Is It Possible to Await Each Streamed Token or Chunk? #467

SpicyMelonYT · 2025-05-31T08:54:31Z

SpicyMelonYT
May 31, 2025

It seems that when we supply an onTextChunk or onResponseChunk callback to the .prompt function, and those callbacks are asynchronous functions, their internal await behavior doesn’t affect the token generation timing as expected. For example, if each callback awaits a 1-second delay, I would expect the next token not to be processed until that second has passed. However, this doesn’t appear to be the case.

Example callback:

onTextChunk: async (textChunk) => {
  if (textChunk.includes("t")) {
    await new Promise((resolve) => setTimeout(resolve, 1000));
  }
  process.stdout.write(textChunk);
},

In this example, whenever the chunk contains a 't', it should delay for 1 second. But what actually happens is all the chunks without 't' print immediately, and then the delayed ones print afterward, each one a second apart.

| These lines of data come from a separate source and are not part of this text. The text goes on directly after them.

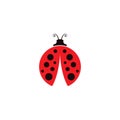 Beauty bug vector illustration icon Royalty Free Stock Photo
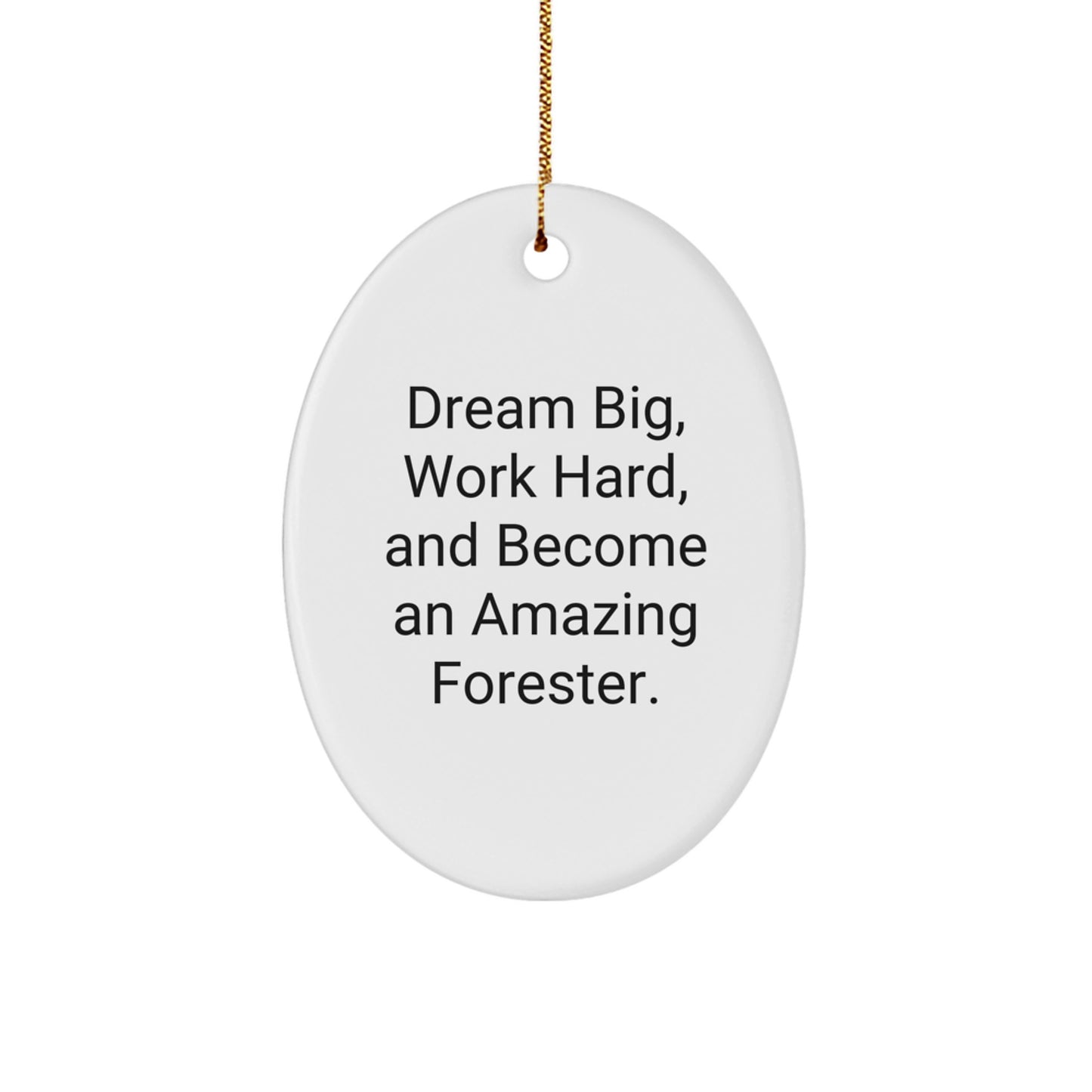Forester Gifts for Men - Dream Big, Work Hard, Oval Ornament with Quote, Christmas Decor - Image 1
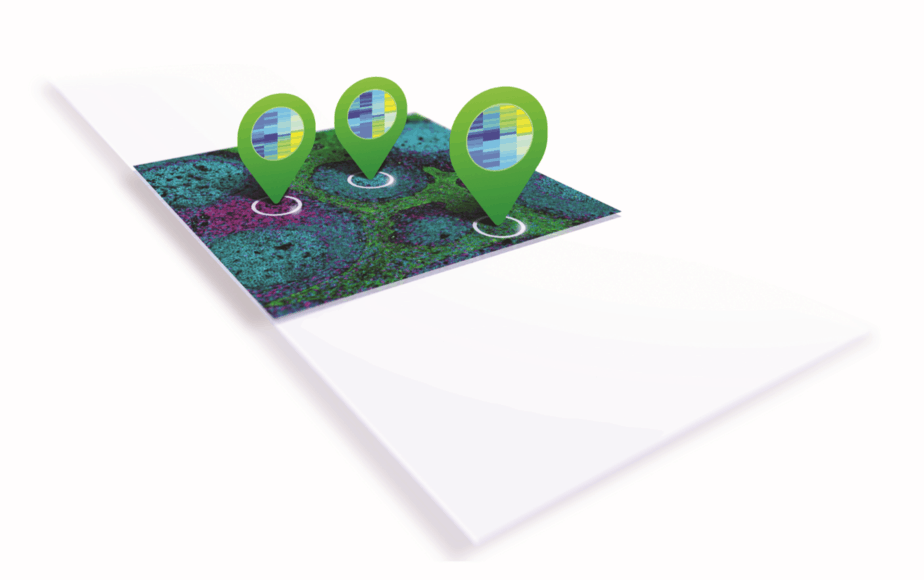 Nanostring slide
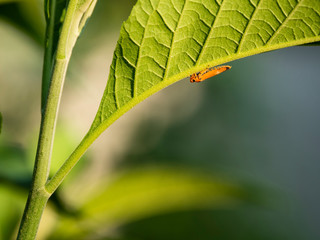 Orange insects live on green leaves.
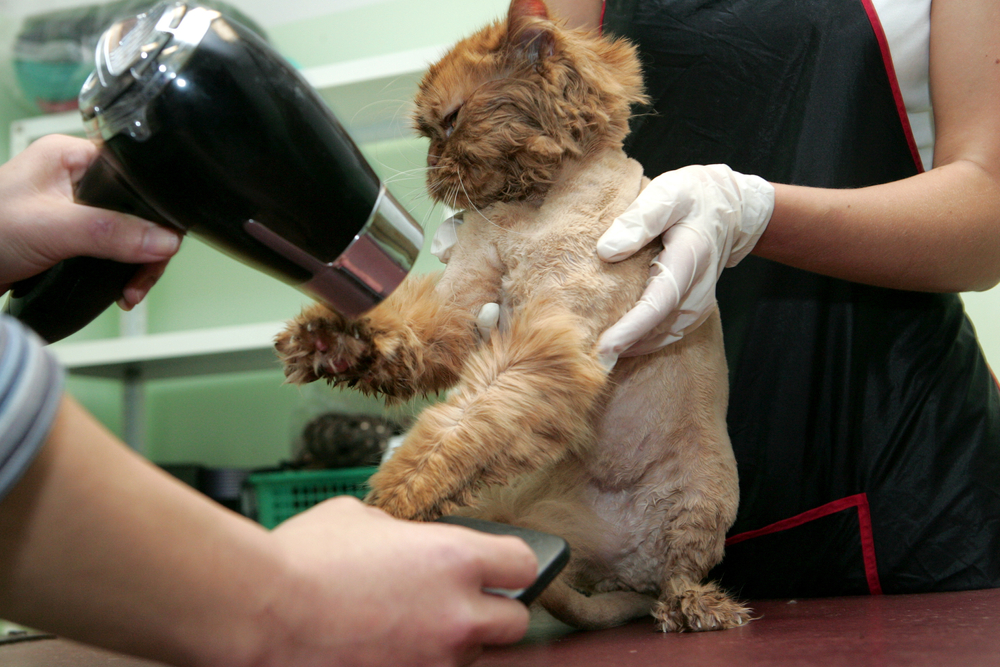 Kedi tıraşı öncesi yapılması gereken hazırlıklar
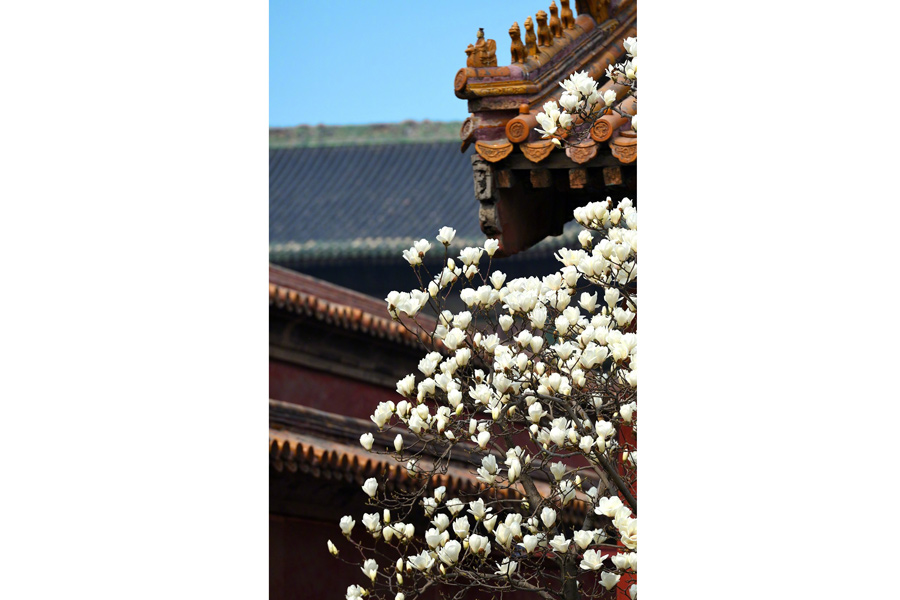 Magnolia flowers signal spring at Forbidden City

This suggests that the callback itself isn't being awaited before continuing to the next token. Is there currently a way to ensure that token generation respects asynchronous behavior within these callbacks?

giladgd · 2025-06-01T02:23:32Z

giladgd
Jun 1, 2025
Maintainer

You're right, all the on_ callbacks act as event handlers, thus they don't wait on a promise returned from these handlers.
The callbacks don't always get called directly on each token generation - they might be delayed by a few tokens at times since the chat class ensures that the current token isn't part of a chat syntax marker (such as end of generation, beginning/end of a thought segment, etc.) before dispatching the generation events for it.

Why do you need to delay the generation?

0 replies

SpicyMelonYT · 2025-06-02T07:16:17Z

SpicyMelonYT
Jun 2, 2025
Author

Oh, I see. So you're saying we don't see all the tokens actually generated by the models because some are reserved for special moments, like when the model finishes or when thinking models include a thought section first. That makes sense.

The reason I want the ability to delay isn't critical, although having it in the future would be really nice. I have a custom wrapper module we've been using for a project. It provides a simple way to handle logic for onStart, onResponse, onAbort, onEnd, and onError. All of them are async. Each one, including onResponse, is expected to properly await any time-consuming logic. But onResponse doesn’t behave that way, because it's actually onResponseChunk that awaits the onResponse callback. So what I did for the other four doesn’t work for the fifth.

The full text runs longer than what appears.